Within SageMaker Studio, each SageMaker User has an IAM Role known as the `SageMaker Execution Role`. Each Notebook for this user will run with this Role and the Permissions specified by this Role. The name of this Role can be found in the Details section of each SageMaker User in the AWS Console.

For the code which runs in this notebook, the `SageMaker Execution Role` needs additional permissions to allow it to use Amazon Textract and Amazon Comprehend. In the AWS Console, navigate to the IAM service and add these two services to your SageMaker Execution Role:
- AmazonTextractFullAccess
- AmazonComprehendFullAccess

Also, an Amazon Comprehend service Role needs to be created to grant Amazon Comprehend read access to your input data.  
Click the AttachPolicies button and add AmazonS3FullAccess. Complete this step and name your role as follows

`asyncS3ComprehendServiceRole`

Once you have created the role, copy the ARN (it will be in the format `arn:aws:iam::<AccountID>:role/asyncS3ComprehendServiceRole`)

###When creating this new Role, the default Policies are sufficient (i.e., no other Policies need to be added/modified).

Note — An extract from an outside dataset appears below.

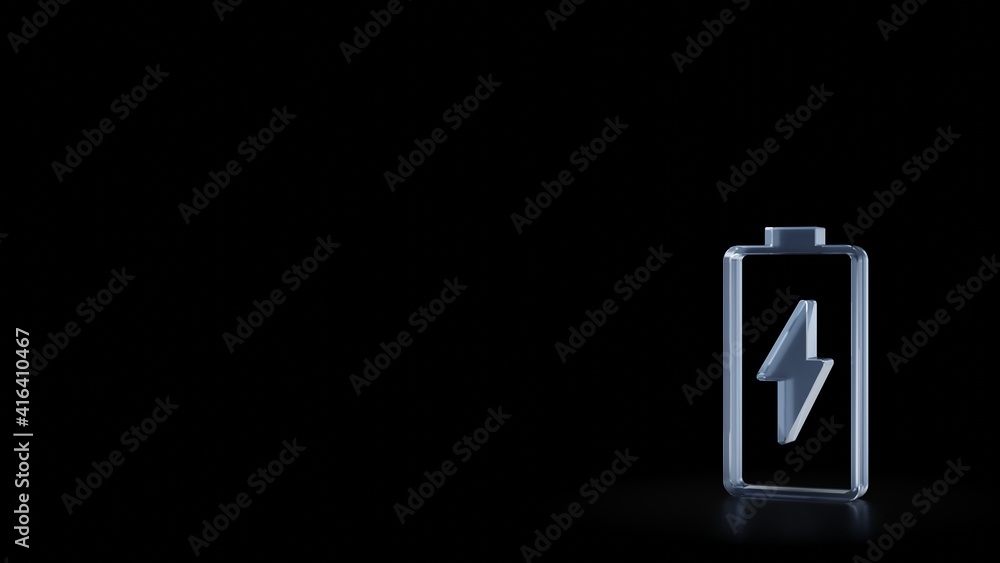 Poster 3d rendering frosted glass vertical symbol of charging empty battery isolated with reflection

Lastly, the `SageMaker Execution Role` must be allowed to Pass the Comprehend Service Role. To allow this, you must attach a Policy to the `SageMaker Execution Role`. Below, the Resource entry is the ARN of the Comprehend service Role which you created. You can either create this as a new Policy and attach it or add it as an in-line Policy.

    {
        "Version": "2012-10-17",
        "Statement": [
            {
                "Effect": "Allow",
                "Action": [
                    "iam:GetRole",
                    "iam:PassRole"
                ],
                "Resource": "<ENTER YOUR ARN HERE>"
            }
        ]
    }



In [None]:
import os
import json
import sys
import time
import boto3
from sagemaker import get_execution_role

## Setup
Set some variables that will be used throughout this example

NOTE: Update the comprehend_role to be the ARN you copied in the step above

In [None]:
region = 'us-east-1'

# change this to an existing S3 bucket in your AWS account
bucket = '<ENTER YOUR BUCKET NAME HERE>'

# this is the role that will be used by the async call to Comprehend TopicModeling at the end of this lab 
comprehend_role = '<ENTER YOUR ARN HERE>'

# this is where the various analysis results files will be stored on the local file system of this SageMaker instance
results_dir = './results'
!mkdir -p $results_dir

# the pdf file to be analyzed by Textract
textract_src_filename = 'Alabama2.pdf'

# the name of the file where the JSON results from Textract are saved
json_textract_results_filename = f'{results_dir}/textract-results.json'

# the post-processed results of the JSON results
textract_results_filename = f'{results_dir}/textract-results.txt'

# the post-processed results of the JSON results where each line is less than 5000 chars
trimmed_textract_results_filename = f'{results_dir}/trimmed_textract-results.txt'

# the results of Amazon Comprehend - Key Phrases detection
comprehend_keyphrases_results_filename = f'{results_dir}/comp-keyphrases.csv'

# the results of Amazon Comprehend - Sentiment Analysis
comprehend_sentiments_results_filename = f'{results_dir}/comp-sentiment.csv'

# the results of Amazon Comprehend - Entities Detection
comprehend_entities_results_filename = f'{results_dir}/comp-entities.csv'

# the results of Amazon Comprehend - Entities Detection
comprehend_pii_entities_results_filename = f'{results_dir}/comp-pii_entities.csv'

# the results of Amazon Comprehend - Topics Detection
comprehend_topics_results_filename = f'{results_dir}/comp-topics.csv'

# this is the IAM Role that defines which permissions this SageMaker instance has
sm_execution_role = get_execution_role()


Lets download the dataset and copy it to our bucket

In [None]:
!curl -O https://lofgren.house.gov/sites/lofgren.house.gov/files/Alabama2.pdf
!aws s3 cp Alabama2.pdf s3://{bucket}

---
## Functions
The following is a convenience function to calculate frequencies


In [None]:

'''
CalcFrequencies()
Input: dict with keys and numeric values
Returns: dict with the same keys and numeric frequency
'''
def CalcFrequencies(di):
    
    freq = {}
    
    sum = 0
    for d in di:
        sum += di[d]
    
    for d in di:
        freq[d] = di[d]/sum

    return freq


---
## Amazon Textract
Amazon Textract is a machine learning service that automatically extracts text, handwriting and data from scanned documents that goes beyond simple optical character recognition (OCR) to identify, understand, and extract data from forms and tables.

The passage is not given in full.